**REQUIRED WORK**
Take the lines from the head of the listing through the one bearing "Merry Christmas Xmas" and copy them exactly, leaving every picture out.

**RECORDED DATA**
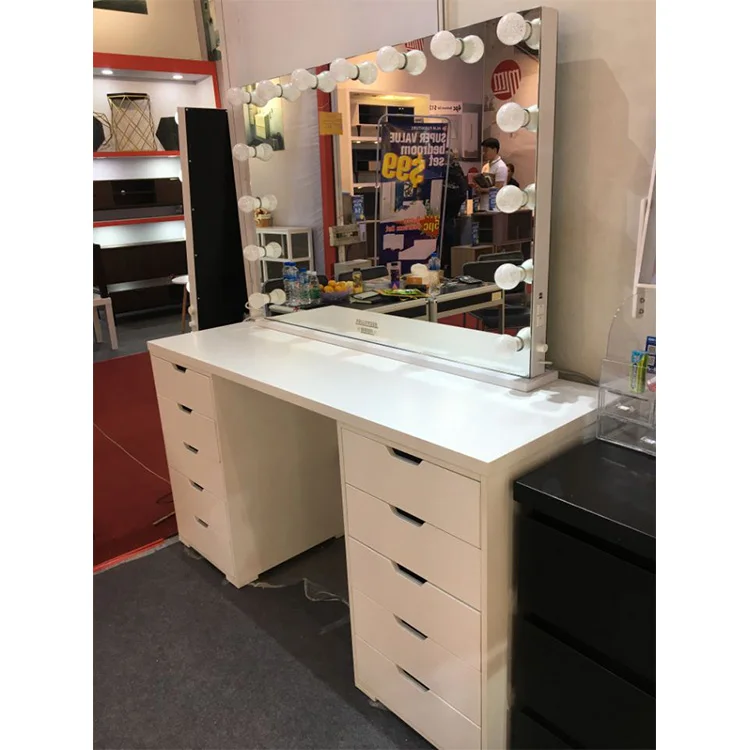 Vanity Dressers Metal Modern Bedroom Furniture Storage 13 Drawers Dresser Set Fabric Mirrored Makeups Table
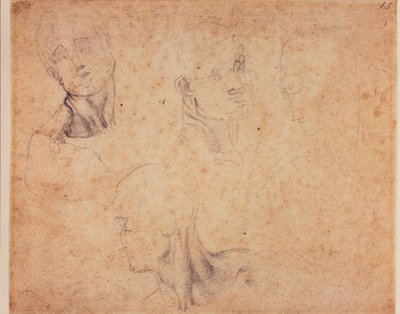 Vier männliche Kopfstudien von Michelangelo (after) Buonarroti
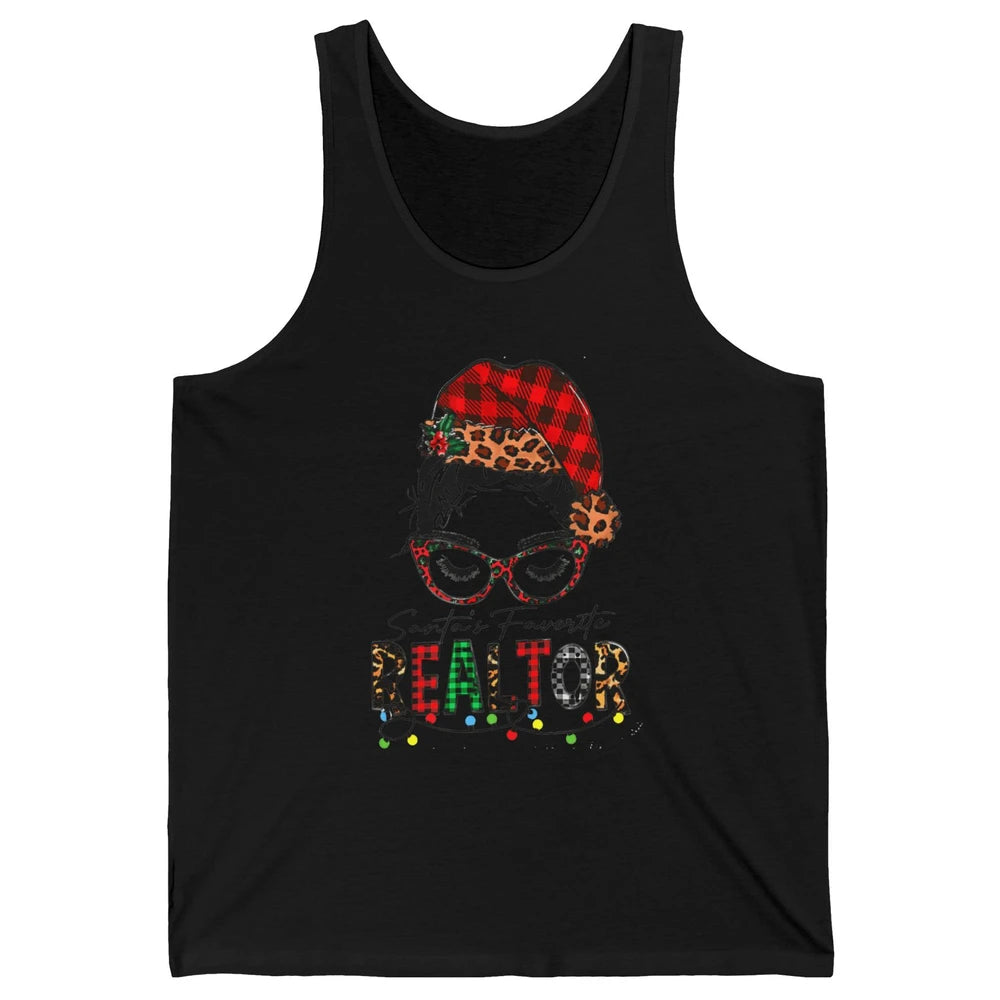 Merry Christmas Xmas Santa Messy Hair Realtor Real Estate Unisex Jersey Tank
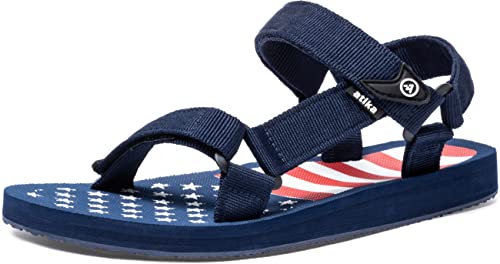 Atika Men's Islander Walking Sandals, Arch Support Trail Outdoor Hiking Sandals, Strap Sport Sandals, Summer Water Shoes, Islander Sandals Stars And Stripes, 9 #TOP29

**PROBLEM SOLUTION**
 Vanity Dressers Metal Modern Bedroom Furniture Storage 13 Drawers Dresser Set Fabric Mirrored Makeups Table
 Vier männliche Kopfstudien von Michelangelo (after) Buonarroti
 Merry Christmas Xmas Santa Messy Hair Realtor Real Estate Unisex Jersey Tank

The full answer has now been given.